A administração, em outro ponto da nota, acrescentou: "Ao contrário dos grandes municípios, com altíssimas arrecadações capazes de assumir grandes responsabilidades, o pequeno município de Pinheiros entendeu não ser adequado, neste momento, trazer para si tais questões que exigem um planejamento maior, sob pena de prejudicar o ensino que já vem sendo prestado com regularidade."
Os municípios de Nova Venécia e São Gabriel da Palha foram procurados, por meio da assessoria de imprensa, mas não responderam os questionamentos.
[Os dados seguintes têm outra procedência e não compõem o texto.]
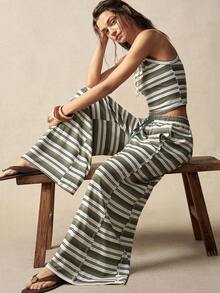 Bohemela 两件套 女士休闲条纹针织修身背心和阔腿宽松腰裤 - 綠色 - 查看 3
Também foi procurada a União dos Dirigentes Municipais de Ensino do Espírito Santo (Undime) para se manifestar sobre o TAG, porém não houve retorno.
A Sedu foi questionada sobre diversos pontos relacionados à rede estadual e respondeu em nota, sem detalhes. "A Secretaria da Educação (Sedu) afirma que o TAG trata essencialmente da reorganização da rede pública de ensino, o que não influencia diretamente no enfrentamento dos desafios apontados. Explica que o TAG propõe uma racionalização da oferta de ensino na rede pública, e que terá como desdobramento a alocação dos recursos de modo mais racional e, portanto, mais eficiente."